What you are asked to do:
Everything below from the line with "Here you can" through the line with "One can look" should be copied exactly, and nothing else; leave out the pictures.

Provided records:

□ □ □ □

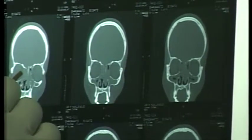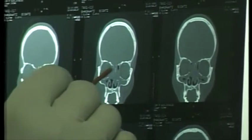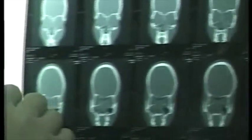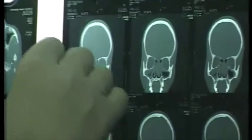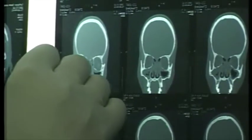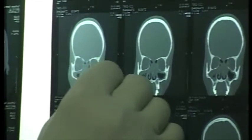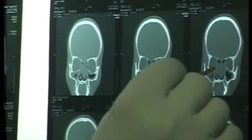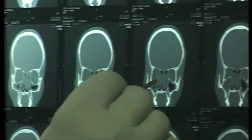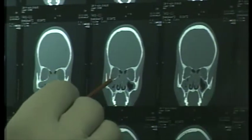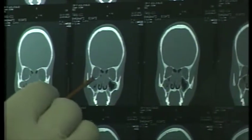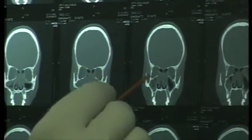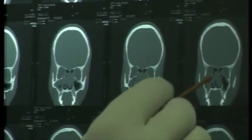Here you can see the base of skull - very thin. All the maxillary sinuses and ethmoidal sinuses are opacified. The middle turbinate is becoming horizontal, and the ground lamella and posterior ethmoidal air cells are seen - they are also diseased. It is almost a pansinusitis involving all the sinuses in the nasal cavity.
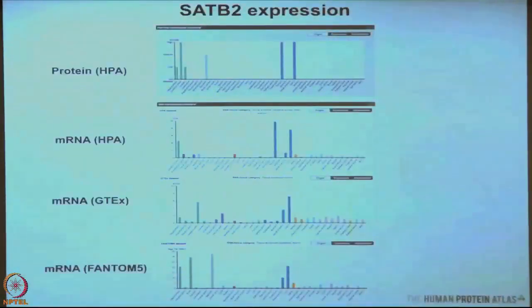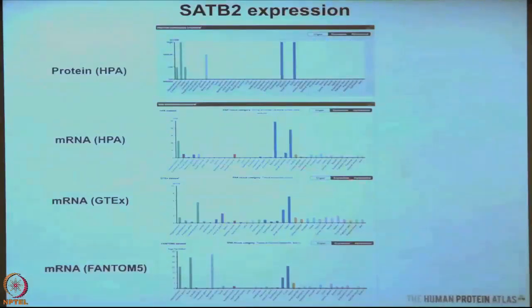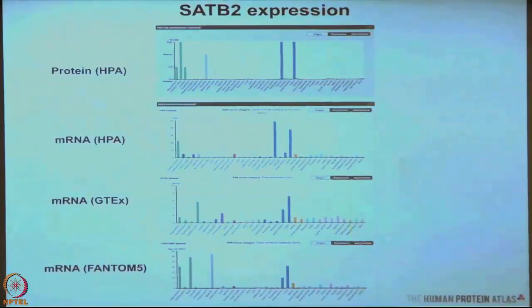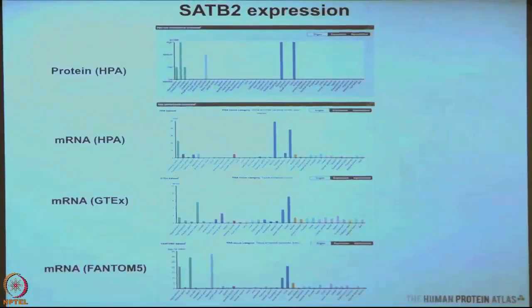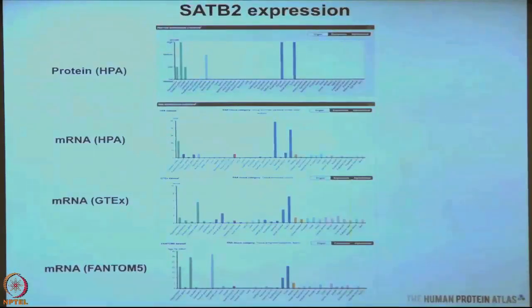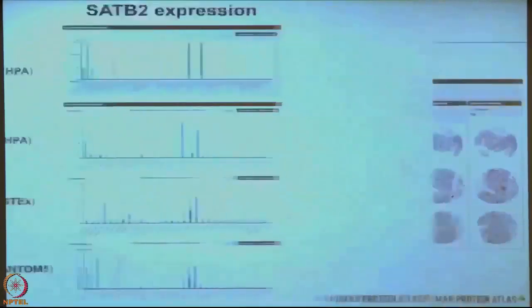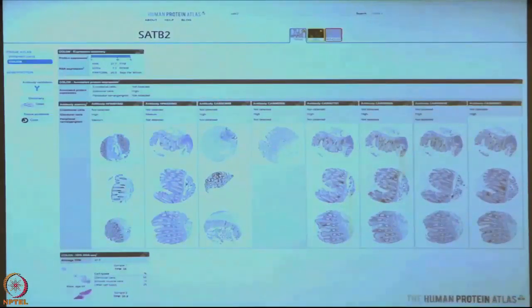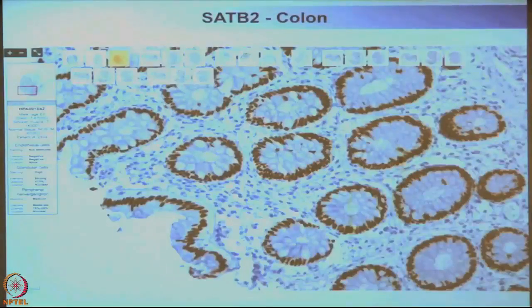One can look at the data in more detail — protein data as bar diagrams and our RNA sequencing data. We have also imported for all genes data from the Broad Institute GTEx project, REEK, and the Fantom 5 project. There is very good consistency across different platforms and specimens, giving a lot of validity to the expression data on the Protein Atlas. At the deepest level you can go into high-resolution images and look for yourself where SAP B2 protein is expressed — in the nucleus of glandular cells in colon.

□ □ □ □

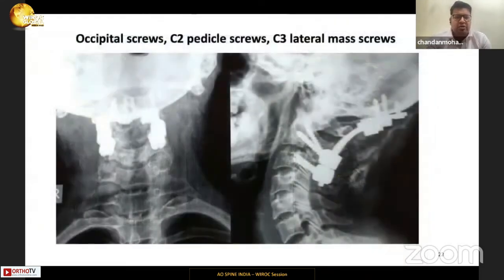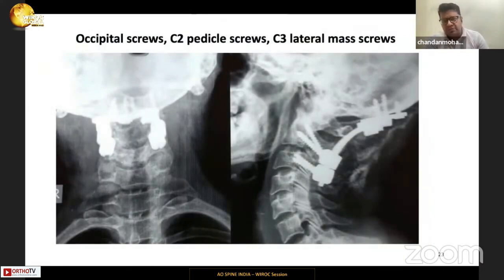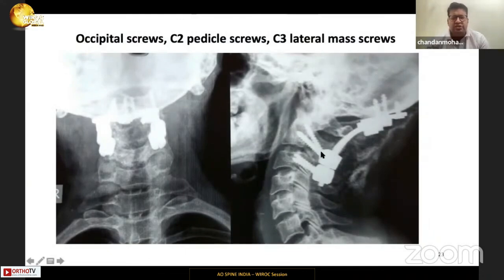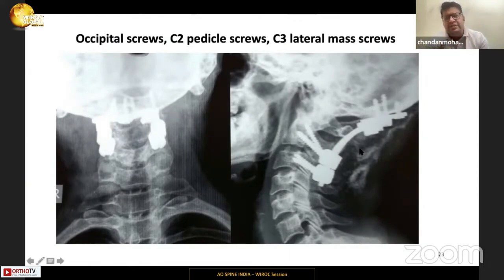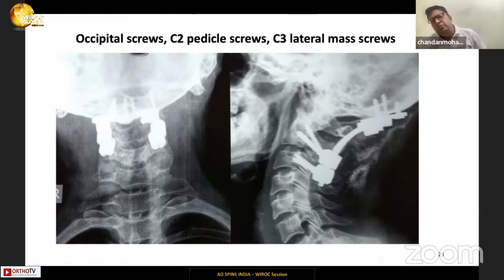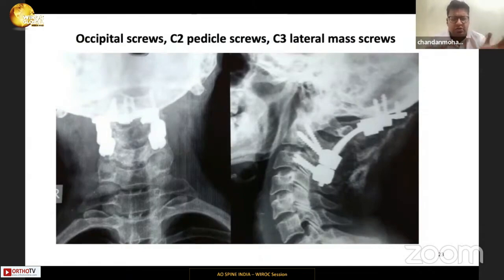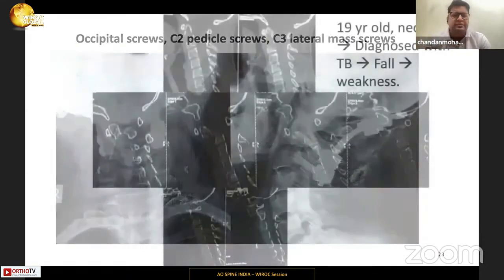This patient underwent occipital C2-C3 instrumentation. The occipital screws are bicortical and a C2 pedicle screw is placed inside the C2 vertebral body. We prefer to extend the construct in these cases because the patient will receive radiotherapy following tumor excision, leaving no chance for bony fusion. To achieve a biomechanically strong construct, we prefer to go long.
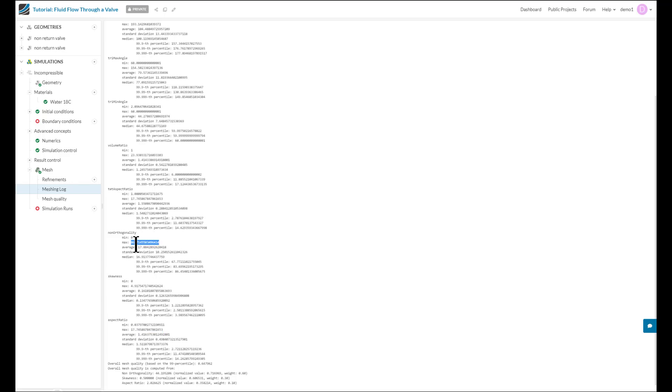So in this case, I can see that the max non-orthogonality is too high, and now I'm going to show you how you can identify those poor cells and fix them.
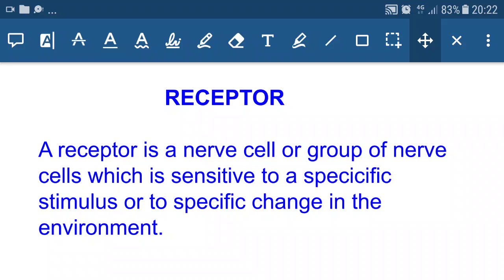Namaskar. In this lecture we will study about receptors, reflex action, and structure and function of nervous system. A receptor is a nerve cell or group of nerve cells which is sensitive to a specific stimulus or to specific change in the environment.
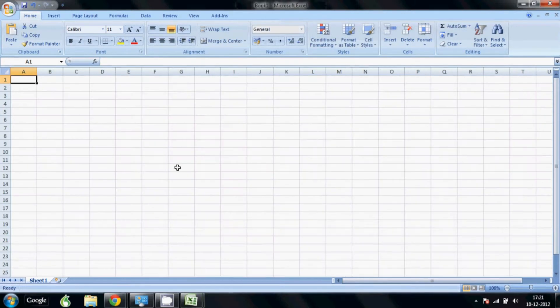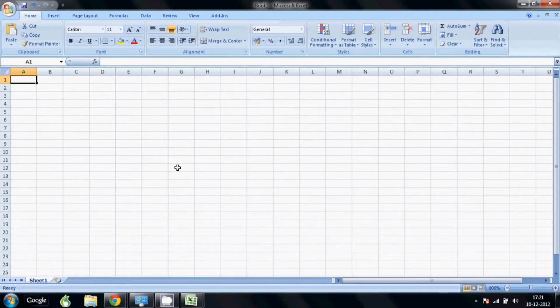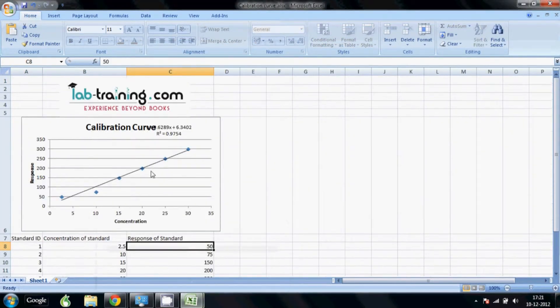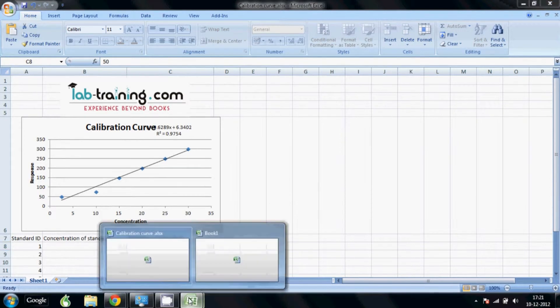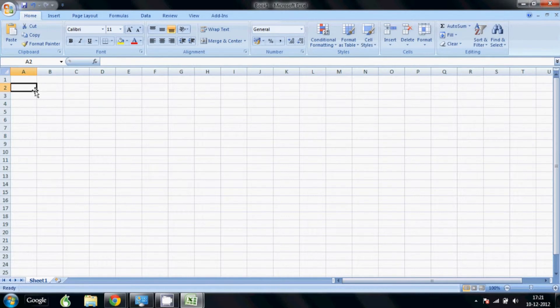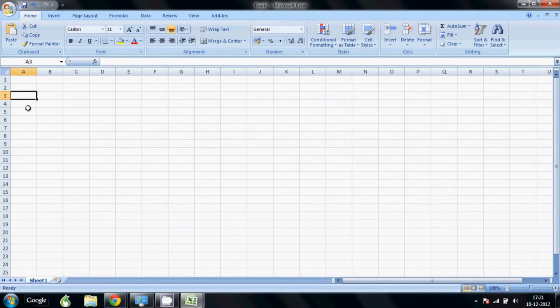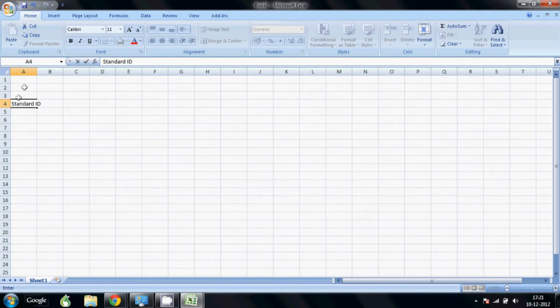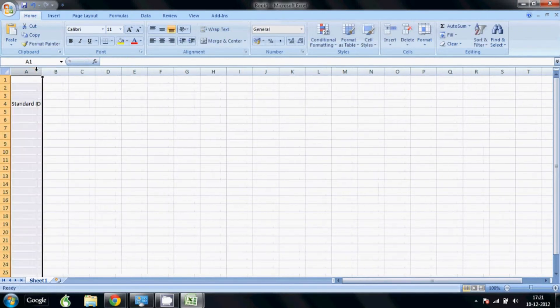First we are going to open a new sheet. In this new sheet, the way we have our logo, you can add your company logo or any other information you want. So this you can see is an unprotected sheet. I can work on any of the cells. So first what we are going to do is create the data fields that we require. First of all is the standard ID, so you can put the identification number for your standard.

□ □ □ □

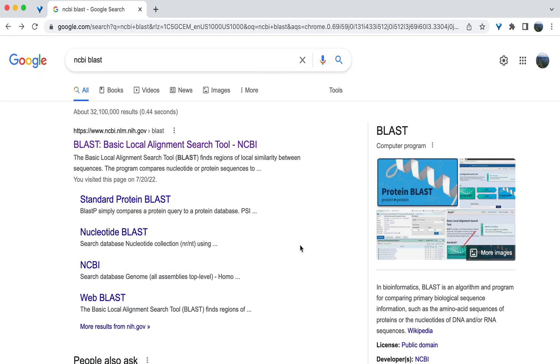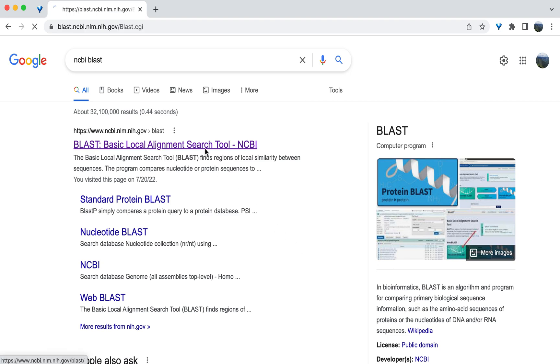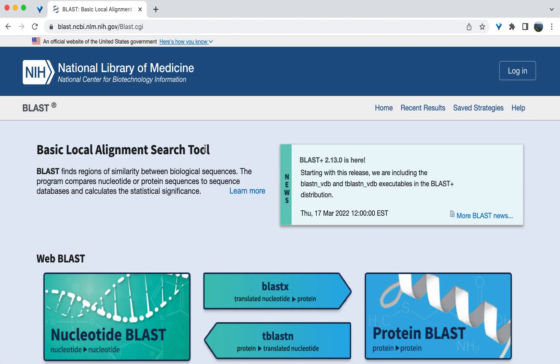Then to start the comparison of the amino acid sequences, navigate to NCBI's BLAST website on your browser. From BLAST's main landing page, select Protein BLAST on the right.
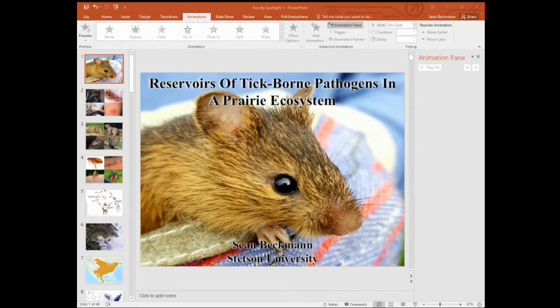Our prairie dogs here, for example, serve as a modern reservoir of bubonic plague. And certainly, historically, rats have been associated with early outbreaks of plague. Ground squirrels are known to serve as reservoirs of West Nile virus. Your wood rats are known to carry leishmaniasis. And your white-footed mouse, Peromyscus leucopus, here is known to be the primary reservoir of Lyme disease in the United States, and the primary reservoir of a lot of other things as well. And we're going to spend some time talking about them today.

□ □ □ □

Written answer:
Here you can see the base of skull - very thin. All the maxillary sinuses and ethmoidal sinuses are opacified. The middle turbinate is becoming horizontal, and the ground lamella and posterior ethmoidal air cells are seen - they are also diseased. It is almost a pansinusitis involving all the sinuses in the nasal cavity.
One can look at the data in more detail — protein data as bar diagrams and our RNA sequencing data. We have also imported for all genes data from the Broad Institute GTEx project, REEK, and the Fantom 5 project. There is very good consistency across different platforms and specimens, giving a lot of validity to the expression data on the Protein Atlas. At the deepest level you can go into high-resolution images and look for yourself where SAP B2 protein is expressed — in the nucleus of glandular cells in colon.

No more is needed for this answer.